WHAT NEEDS TO BE DONE
Pictures stay out of the copy. Retype exactly the lines below from the one with "Pack de tres" through the one with "Vila Demiri in Sarandë".

DATA TO USE
-- Opening Marker --
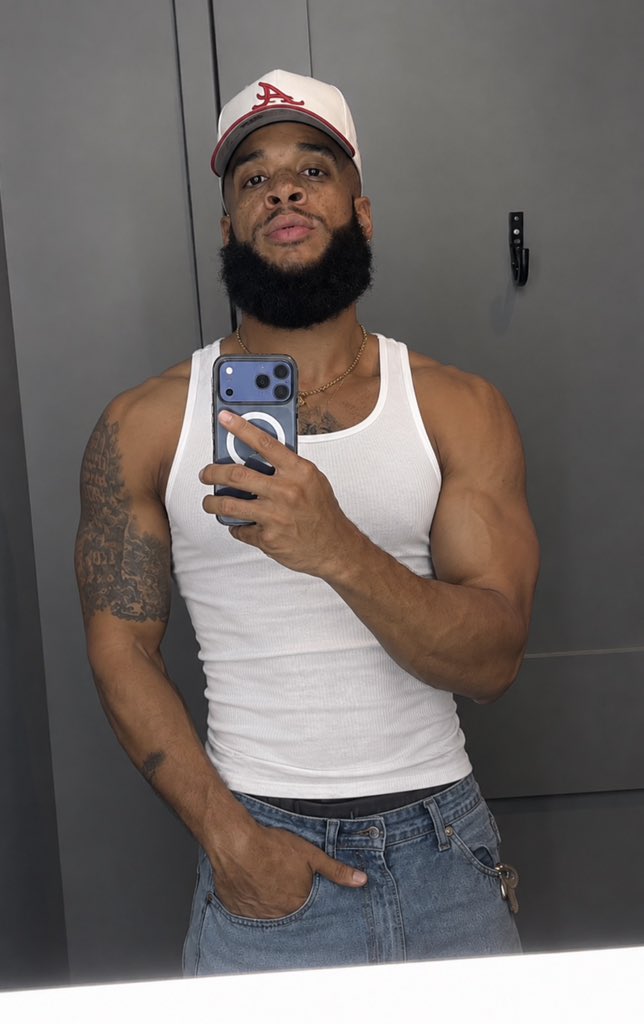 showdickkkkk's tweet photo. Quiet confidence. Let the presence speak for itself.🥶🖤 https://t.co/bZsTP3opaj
-- Closing Marker --
-- Opening Marker --
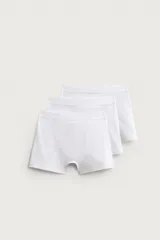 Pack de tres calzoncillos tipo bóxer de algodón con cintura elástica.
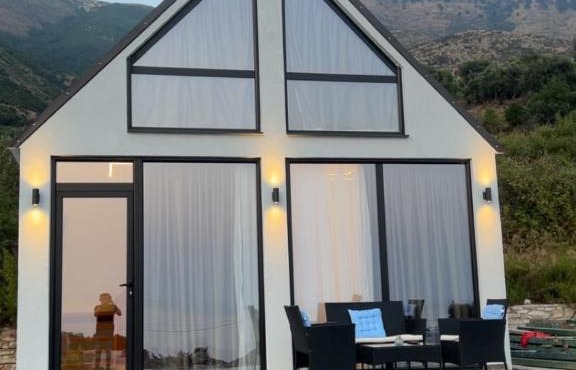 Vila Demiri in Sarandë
-- Closing Marker --
TASK RESPONSE
 Pack de tres calzoncillos tipo bóxer de algodón con cintura elástica.
 Vila Demiri in Sarandë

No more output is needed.